Monte Irvin did return to the Giants in August 1952, and hit .310 but with only four home runs, tying Willie Mays in that slugging category. With the Giants missing a total of 36 home runs and 145 RBIs combined from Mays and Irvin (20 home runs and 100 RBIs less from Irvin, 16 home runs and 45 RBIs less from Mays), it is surprising that the Giants still came in second, only 4½ games behind the Dodgers.
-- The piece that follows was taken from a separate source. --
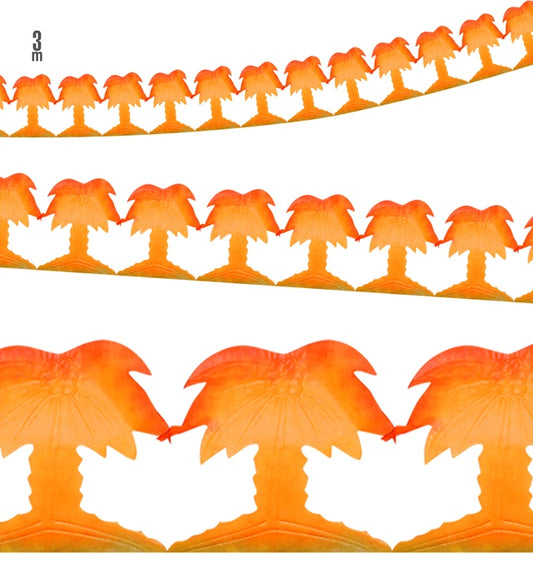 3 Meter lange Palme Girlande aus Polyester, grün, wetterfestes Partydekor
At various times, both Mays and Irvin extolled the managerial acumen of Leo Durocher; perhaps his best performance as skipper was in 1952, when two of his top stars, Mays and Irvin, missed most of the season.
1954 – World Series Sweep and “The Catch”
Mays remained in the military for the rest of the 1952 season and all of 1953, although Monte Irvin played with Willie Mays on Roy Campanella’s barnstorming team before the 1953 season and observed that Mays was still in top form.28
Irvin himself returned strongly in 1953, hitting .329 (a career high) with 21 home runs and 97 RBIs despite reinjuring his ankle on August 9 in a home-plate collision with Del Rice of the Cardinals and missing most of August and part of September.29 Despite Irvin’s comeback year, the Giants, without Mays and with lackluster pitching, dropped to fifth place in the standings.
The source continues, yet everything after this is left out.